Almost three-quarters of young United Arab Emirates nationals said they expect their quality of work to improve through lifelong learning, with continuous education also expected to have a positive impact on their creativity and innovation, a new survey revealed.
The vast majority of participants said COVID-19 has made lifelong learning more important.
The poll canvassed 200 members from the Federal Youth Authority (FYA) initiatives, all of whom were Emirati, with 15 to 35-year olds accounting for 83.25 percent of all participants, while 15.71 percent were aged 35 to 50. Only two FYA members included in the survey were older than 50.
The FYA collaborated with Majlis Mohamed bin Zayed Ramadan Series 2021 to run the survey on the heels of the Majlis’ latest session titled: ‘Lifelong Learning: Unlocking our future Potential,’ which included His Highness Sheikh Abdullah bin Zayed Al Nahyan, Minister of Foreign Affairs and International Cooperation.
Exploring the extent to which the concept of lifelong learning resonates with Emirati youth, two-fifths (39 percent) of respondents said they prefer to learn new information through engaging in conversations with others, such as older family members, older members of society, mentors, or peers.
Learning through conversation was preferred above any other means of learning, including through social media or through reading.
The survey revealed that nearly half (44 percent) of respondents believe lifelong learning will make their life happier and they want to engage in it moving forward.

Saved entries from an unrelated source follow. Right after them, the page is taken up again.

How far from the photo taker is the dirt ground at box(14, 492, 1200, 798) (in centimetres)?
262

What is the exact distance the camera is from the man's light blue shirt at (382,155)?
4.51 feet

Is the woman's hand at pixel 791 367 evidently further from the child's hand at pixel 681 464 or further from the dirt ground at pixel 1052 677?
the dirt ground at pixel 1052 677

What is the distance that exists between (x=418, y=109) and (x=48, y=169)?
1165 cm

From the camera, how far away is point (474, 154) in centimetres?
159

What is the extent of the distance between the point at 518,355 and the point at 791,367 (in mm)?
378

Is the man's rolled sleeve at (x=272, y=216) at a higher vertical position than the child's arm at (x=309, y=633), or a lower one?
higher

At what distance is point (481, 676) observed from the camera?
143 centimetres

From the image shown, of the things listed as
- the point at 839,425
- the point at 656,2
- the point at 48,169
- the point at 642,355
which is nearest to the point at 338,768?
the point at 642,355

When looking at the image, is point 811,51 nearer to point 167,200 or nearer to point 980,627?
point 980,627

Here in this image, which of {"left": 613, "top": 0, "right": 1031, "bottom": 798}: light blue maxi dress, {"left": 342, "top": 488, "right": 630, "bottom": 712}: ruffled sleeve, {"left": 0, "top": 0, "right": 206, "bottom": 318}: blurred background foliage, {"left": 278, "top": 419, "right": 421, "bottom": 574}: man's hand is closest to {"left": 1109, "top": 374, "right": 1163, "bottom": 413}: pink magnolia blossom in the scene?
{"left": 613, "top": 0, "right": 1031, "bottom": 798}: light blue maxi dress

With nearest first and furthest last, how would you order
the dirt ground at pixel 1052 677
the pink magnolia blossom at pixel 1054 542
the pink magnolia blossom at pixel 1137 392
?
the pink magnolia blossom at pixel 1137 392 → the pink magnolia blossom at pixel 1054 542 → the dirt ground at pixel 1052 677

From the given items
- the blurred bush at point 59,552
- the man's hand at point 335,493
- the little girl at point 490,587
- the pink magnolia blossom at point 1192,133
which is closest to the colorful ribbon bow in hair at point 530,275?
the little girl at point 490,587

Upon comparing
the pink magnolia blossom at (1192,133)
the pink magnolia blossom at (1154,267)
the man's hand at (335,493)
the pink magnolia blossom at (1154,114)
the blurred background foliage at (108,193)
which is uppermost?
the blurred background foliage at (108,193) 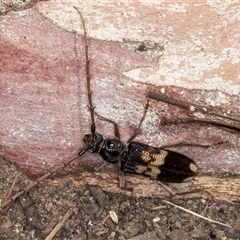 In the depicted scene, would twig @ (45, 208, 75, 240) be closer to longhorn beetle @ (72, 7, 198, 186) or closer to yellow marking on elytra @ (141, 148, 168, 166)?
longhorn beetle @ (72, 7, 198, 186)

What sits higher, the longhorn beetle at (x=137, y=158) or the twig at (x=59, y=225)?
the longhorn beetle at (x=137, y=158)

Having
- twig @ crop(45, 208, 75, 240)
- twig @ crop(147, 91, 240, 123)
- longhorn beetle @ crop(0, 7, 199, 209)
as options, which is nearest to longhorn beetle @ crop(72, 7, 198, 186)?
longhorn beetle @ crop(0, 7, 199, 209)

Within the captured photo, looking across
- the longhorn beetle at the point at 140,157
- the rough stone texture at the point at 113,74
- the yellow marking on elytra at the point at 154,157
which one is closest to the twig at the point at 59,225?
the rough stone texture at the point at 113,74

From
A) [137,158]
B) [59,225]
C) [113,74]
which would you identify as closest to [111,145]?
[137,158]

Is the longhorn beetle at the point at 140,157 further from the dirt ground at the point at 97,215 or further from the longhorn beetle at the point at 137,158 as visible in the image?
the dirt ground at the point at 97,215

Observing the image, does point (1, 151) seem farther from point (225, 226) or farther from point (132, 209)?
point (225, 226) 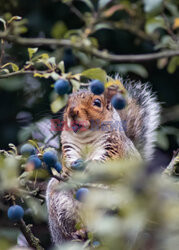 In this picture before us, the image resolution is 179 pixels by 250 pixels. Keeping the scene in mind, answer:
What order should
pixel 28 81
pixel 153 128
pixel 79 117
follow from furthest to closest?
pixel 28 81 < pixel 153 128 < pixel 79 117

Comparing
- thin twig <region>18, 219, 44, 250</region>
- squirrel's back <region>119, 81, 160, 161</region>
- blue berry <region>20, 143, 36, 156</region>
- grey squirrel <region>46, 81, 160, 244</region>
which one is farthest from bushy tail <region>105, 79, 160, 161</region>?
blue berry <region>20, 143, 36, 156</region>

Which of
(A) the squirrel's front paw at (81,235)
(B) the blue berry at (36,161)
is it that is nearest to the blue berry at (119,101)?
(B) the blue berry at (36,161)

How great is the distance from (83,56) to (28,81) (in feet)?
1.35

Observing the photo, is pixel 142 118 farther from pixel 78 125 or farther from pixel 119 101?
pixel 119 101

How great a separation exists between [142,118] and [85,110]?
43 cm

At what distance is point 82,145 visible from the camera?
1568 mm

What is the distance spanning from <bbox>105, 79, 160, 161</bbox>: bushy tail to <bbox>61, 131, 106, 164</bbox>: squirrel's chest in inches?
10.1

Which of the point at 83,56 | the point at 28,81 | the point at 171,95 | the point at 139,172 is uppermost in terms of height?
the point at 139,172

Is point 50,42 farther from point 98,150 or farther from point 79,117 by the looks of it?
point 98,150

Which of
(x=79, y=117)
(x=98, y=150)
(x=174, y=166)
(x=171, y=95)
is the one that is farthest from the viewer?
(x=171, y=95)

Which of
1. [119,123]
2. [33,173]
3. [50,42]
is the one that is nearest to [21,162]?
[33,173]

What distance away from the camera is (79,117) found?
4.79 ft

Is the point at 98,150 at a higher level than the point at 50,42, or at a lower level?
lower

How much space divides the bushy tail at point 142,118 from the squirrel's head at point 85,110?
0.87 feet
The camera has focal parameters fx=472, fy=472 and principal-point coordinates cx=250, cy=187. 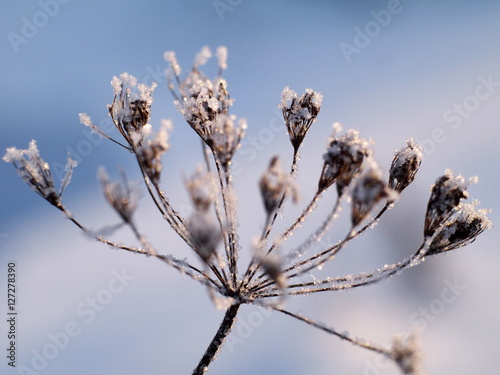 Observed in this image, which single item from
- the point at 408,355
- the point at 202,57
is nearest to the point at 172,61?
the point at 202,57

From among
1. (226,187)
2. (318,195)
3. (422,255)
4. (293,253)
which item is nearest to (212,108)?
(226,187)

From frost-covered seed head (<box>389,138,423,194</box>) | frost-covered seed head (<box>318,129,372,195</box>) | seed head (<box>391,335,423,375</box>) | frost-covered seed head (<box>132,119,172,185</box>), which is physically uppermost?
frost-covered seed head (<box>389,138,423,194</box>)

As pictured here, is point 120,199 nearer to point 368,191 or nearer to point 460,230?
point 368,191

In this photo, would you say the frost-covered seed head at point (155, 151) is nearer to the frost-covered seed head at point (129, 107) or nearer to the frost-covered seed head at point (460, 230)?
the frost-covered seed head at point (129, 107)

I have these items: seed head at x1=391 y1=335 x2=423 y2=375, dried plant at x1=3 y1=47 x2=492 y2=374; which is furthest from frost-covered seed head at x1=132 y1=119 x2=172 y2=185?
seed head at x1=391 y1=335 x2=423 y2=375

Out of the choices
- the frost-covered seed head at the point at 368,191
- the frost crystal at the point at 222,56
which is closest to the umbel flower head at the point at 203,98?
the frost crystal at the point at 222,56

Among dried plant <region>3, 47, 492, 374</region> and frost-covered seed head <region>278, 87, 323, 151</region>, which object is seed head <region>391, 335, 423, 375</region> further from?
frost-covered seed head <region>278, 87, 323, 151</region>

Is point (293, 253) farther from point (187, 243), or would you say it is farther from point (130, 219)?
point (130, 219)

More than a third (35.5 percent) said they are currently learning within their profession, while over two-thirds (68.5 percent) said they expect their creativity to get a boost from lifelong learning.

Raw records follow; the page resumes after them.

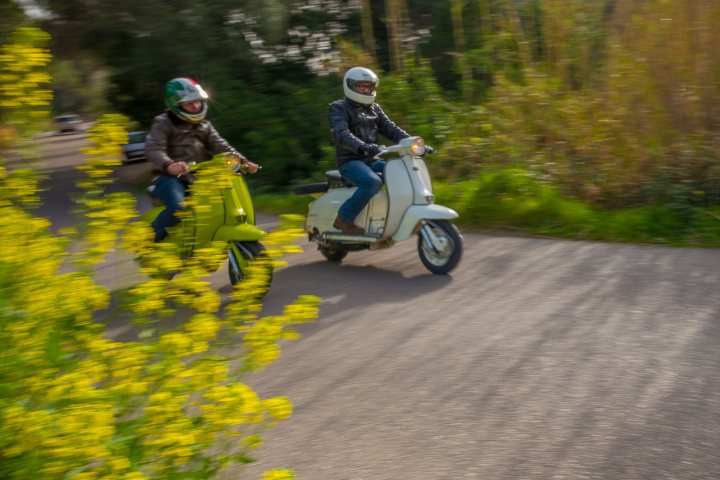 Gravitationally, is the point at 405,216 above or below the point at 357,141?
below

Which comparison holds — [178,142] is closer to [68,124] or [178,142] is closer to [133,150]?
[68,124]

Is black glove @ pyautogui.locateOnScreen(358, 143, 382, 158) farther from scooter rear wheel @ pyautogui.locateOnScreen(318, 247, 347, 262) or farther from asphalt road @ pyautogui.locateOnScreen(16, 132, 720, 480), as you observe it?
scooter rear wheel @ pyautogui.locateOnScreen(318, 247, 347, 262)

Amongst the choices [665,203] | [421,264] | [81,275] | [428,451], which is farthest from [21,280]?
[665,203]

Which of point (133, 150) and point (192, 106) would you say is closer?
point (192, 106)

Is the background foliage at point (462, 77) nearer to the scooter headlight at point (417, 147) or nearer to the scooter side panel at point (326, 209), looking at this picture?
the scooter headlight at point (417, 147)

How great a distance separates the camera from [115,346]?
2.98 meters

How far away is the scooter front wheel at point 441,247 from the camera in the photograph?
25.2 feet

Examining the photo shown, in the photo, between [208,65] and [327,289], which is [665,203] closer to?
[327,289]

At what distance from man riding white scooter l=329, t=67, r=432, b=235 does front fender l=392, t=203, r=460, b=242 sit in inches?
15.9

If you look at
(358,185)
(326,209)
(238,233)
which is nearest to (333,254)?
(326,209)

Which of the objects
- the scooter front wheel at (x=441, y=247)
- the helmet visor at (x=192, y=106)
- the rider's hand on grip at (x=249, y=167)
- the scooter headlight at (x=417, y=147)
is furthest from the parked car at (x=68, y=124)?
the scooter front wheel at (x=441, y=247)

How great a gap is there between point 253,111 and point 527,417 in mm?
11404

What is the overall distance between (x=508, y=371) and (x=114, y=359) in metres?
2.78

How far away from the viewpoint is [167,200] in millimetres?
7535
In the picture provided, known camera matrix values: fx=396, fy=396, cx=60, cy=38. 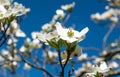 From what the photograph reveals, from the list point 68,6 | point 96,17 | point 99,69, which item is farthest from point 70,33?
point 96,17

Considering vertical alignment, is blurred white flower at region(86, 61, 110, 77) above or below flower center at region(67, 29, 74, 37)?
below

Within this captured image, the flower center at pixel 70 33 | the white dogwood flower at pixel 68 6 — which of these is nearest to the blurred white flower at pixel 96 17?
the white dogwood flower at pixel 68 6

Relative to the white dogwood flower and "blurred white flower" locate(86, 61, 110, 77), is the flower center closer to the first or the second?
"blurred white flower" locate(86, 61, 110, 77)

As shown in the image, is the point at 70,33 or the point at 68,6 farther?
the point at 68,6

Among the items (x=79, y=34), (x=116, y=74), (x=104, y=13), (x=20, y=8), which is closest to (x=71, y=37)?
(x=79, y=34)

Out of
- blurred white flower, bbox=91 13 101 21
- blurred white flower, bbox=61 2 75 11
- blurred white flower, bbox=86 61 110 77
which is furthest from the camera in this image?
blurred white flower, bbox=91 13 101 21

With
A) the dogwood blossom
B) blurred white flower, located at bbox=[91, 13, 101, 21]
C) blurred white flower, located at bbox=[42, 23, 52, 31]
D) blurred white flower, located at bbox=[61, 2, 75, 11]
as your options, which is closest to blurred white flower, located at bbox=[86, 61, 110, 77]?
the dogwood blossom

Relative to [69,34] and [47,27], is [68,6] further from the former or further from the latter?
[69,34]

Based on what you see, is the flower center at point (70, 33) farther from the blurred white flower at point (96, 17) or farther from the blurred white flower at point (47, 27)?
the blurred white flower at point (96, 17)

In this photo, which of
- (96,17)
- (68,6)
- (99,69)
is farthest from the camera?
(96,17) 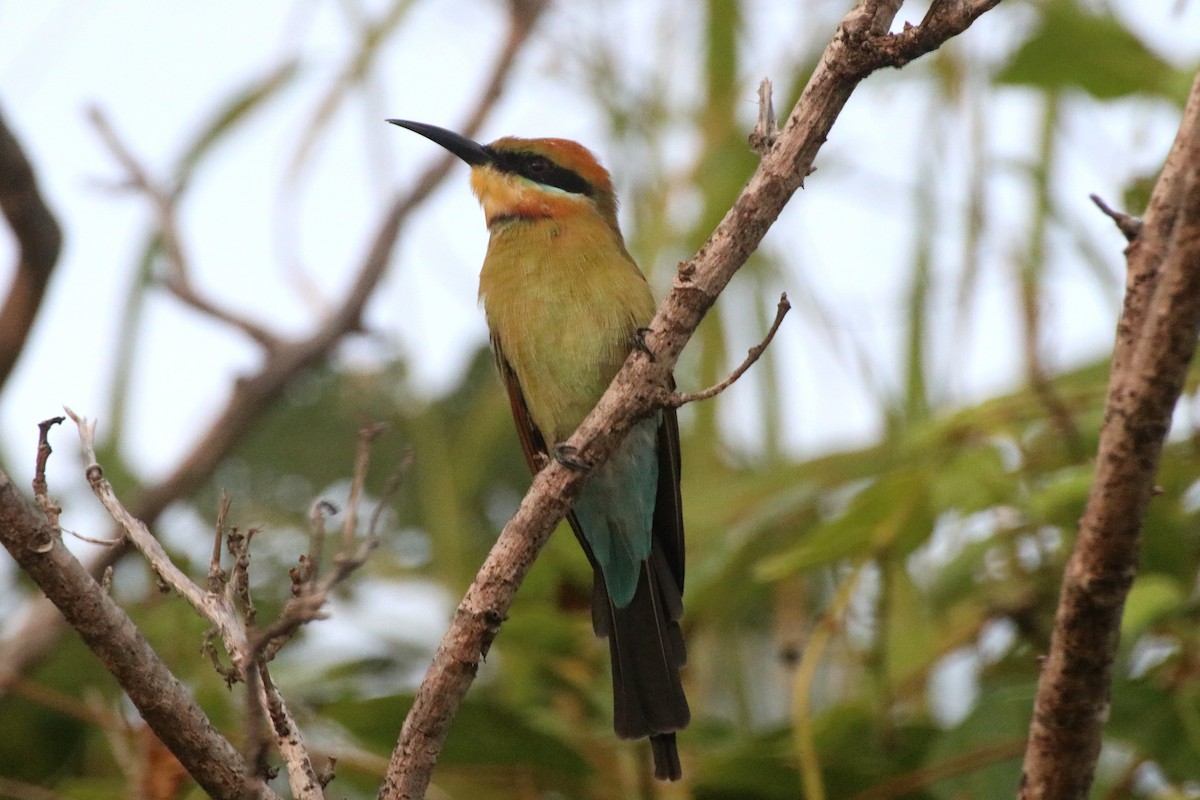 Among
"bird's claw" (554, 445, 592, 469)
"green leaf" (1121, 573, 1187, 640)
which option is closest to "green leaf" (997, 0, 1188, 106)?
"green leaf" (1121, 573, 1187, 640)

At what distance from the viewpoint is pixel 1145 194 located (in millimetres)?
2348

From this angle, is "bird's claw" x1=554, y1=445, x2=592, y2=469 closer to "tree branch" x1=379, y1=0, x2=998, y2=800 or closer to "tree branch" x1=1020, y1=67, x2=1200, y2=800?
"tree branch" x1=379, y1=0, x2=998, y2=800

Two-thirds of Emirati youth interviewed see improved self-confidence as the biggest advantage of lifelong learning, followed by 63.5 percent who believe it would create more professional opportunities and renewed self-motivation.
Developing a new professional skill is more interesting than developing a new personal skill according to the youth, with 36 percent saying they are most interested in developing professional skills, versus 32 percent who are more interested in personal skills.
For over half (53 percent) of the surveyed youth, learning in groups is most preferable, while nearly a quarter (25 percent) favour learning by reading, and 21 percent would opt for social media as the learning platform of choice. Some 22 percent prefer to learn alone, while 25 percent would like to do so with one other individual.
At the conclusion of the survey, almost all of the young people surveyed agreed that more can still be done to encourage lifelong learning in the community, with over half claiming that the COVID-19 pandemic had an impact on their motivation to continue on the journey of lifelong learning, and a whopping 95 percent asserting that COVID-19 has made lifelong learning much more important.